Robert Gober
Galerie Max Hetzler
Recently Robert Gober’s sink was a favorite object of interpretation, a thing that offered a new surface for projection and reference (Marcel Duchamp, Robert Morris, Donald Judd, to name merely the cornerstones). Exposure, disease, the unconscious, archetypes of culture, symbols of existence—all these have been read into the sink. What next? Nevertheless, Gober managed, in these exhibitions, to discard the notion that we are living in a stage of aftermath. He shows us a balancing act, and also states its necessity—cautiously and sincerely.
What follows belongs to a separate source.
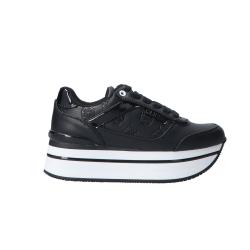 Sneakers Platform leather FL5HNSPEL12 Nero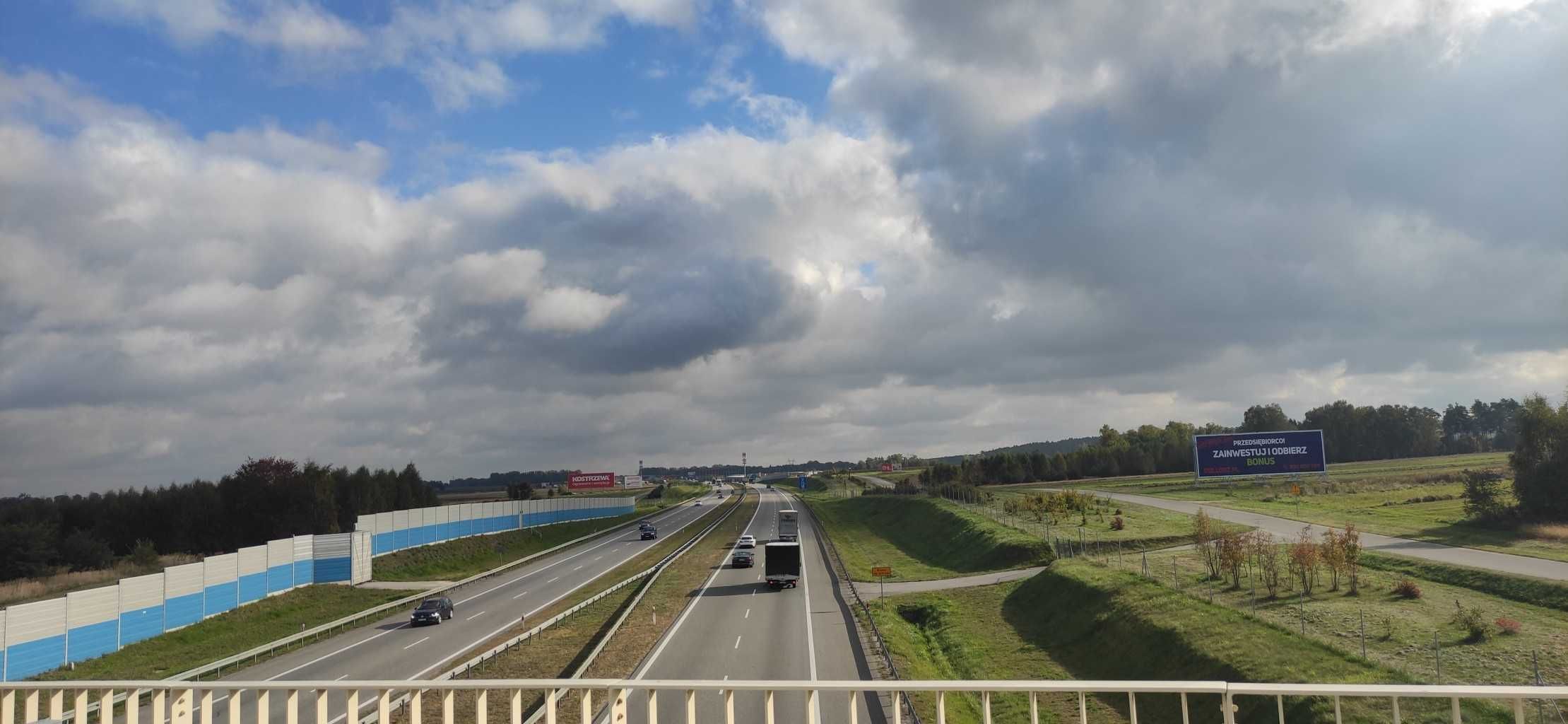 Wynajmę billboard przy A2, baner, powierzchnia reklamowa, reklama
Most of Gober’s objects are handmade or at least visibly handworked, and executed in simple materials. At Galerie Max Hetzler he showed new objects in his repertoire: whitewashed door fragments, which, pressed against a wall, looked almost like reliefs; and a white, plaster-coated stool, which was here placed in the middle of the gallery space. White—a somewhat yellowish white—has a particular longevity in Gober’s work. Its origin—like that of the objects appearing in these exhibitions—is artificial, imaginary, fictitious; at the same time, the origin seems somehow ancient. Gober objects may be brand-new, but they look old—the doors, the stool, even the gigantic dog basket in a corner of the gallery. Each of the objects has a touch of the absurd, as defined by Eva Hesse. Her relation to Pop art and Minimal art is paralleled by Gober’s relation to appropriation art and neo-geo. Gober himself stands in the space, as an artist, as a figure, who consciously tries to unite inside and outside; he seeks to connect common attractions—such as certain basic object forms, with their own internal histories—to a larger social process. At first, Gober’s work always looks easy, almost playful. One is tempted to underestimate it, because it does not have the manifest character and splendor of the brand-new. But then its kick is all the more powerful.
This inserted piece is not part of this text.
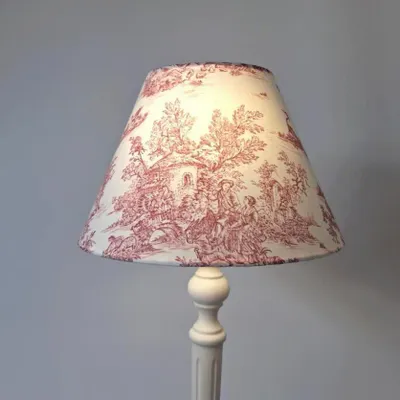 Blinds - TOILE DE JOUY lampshade - CÔTE OUEST DÉCO - PRO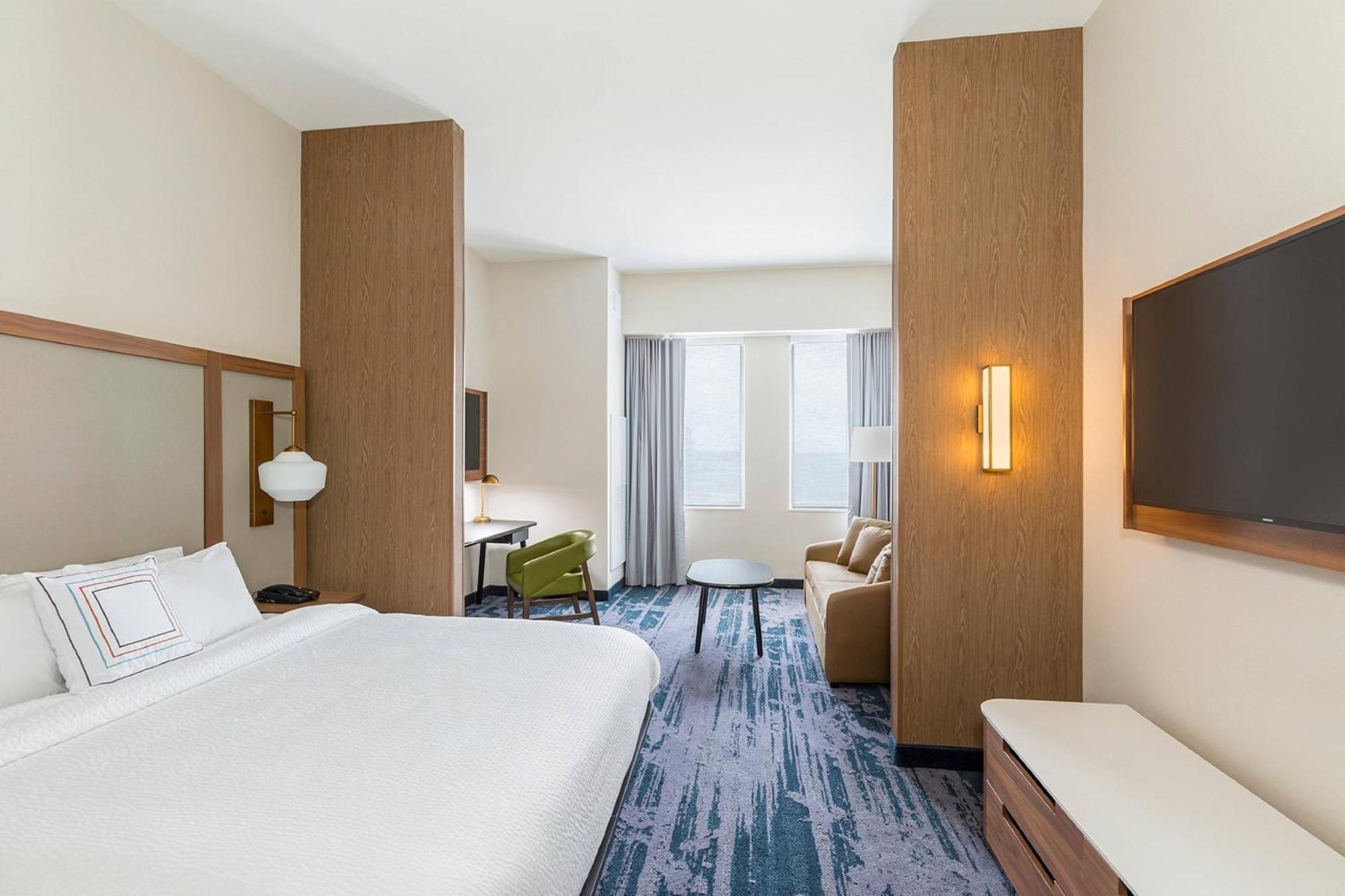 Fairfield Inn & Suites By Marriott Des Moines Downtown Zewnętrze zdjęcie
The Galerie Gisela Capitain showed Gober’s paintings and drawings on textiles. His approach here is Warholesque; the subjects are mostly flowers. These are small, sad, delicate cloth rags, testifying to something dead. Gober’s objects are modest, yet proud in their morbidity; they are hand-made art fetishes aimed at a truly all-encompassing fatalism. Their goal is not respect or love; what the results of their efforts could be is the development of the artwork as a projection surface. Gober clarifies and demonstrates how complicated this surface is, how scarred and pitted, how macabre and uneven.
He tells about the things that get lost en route. In The Dress, 1987, sewn by Gober and printed by Christopher Wool, one sees the object—the dress—without the girl. What’s going on here, a comedy or a tragedy? Here we have the hanged or hung dress of an invisible girl. Is she naked, the bride stripped bare by her bachelors, even? Is the girl dead? Or is this merely a stray piece of dress that has wafted over, having endured a lot, but still frail? For Gober, that is the status of art itself.
Translated from the German by Joachim Neugroschel.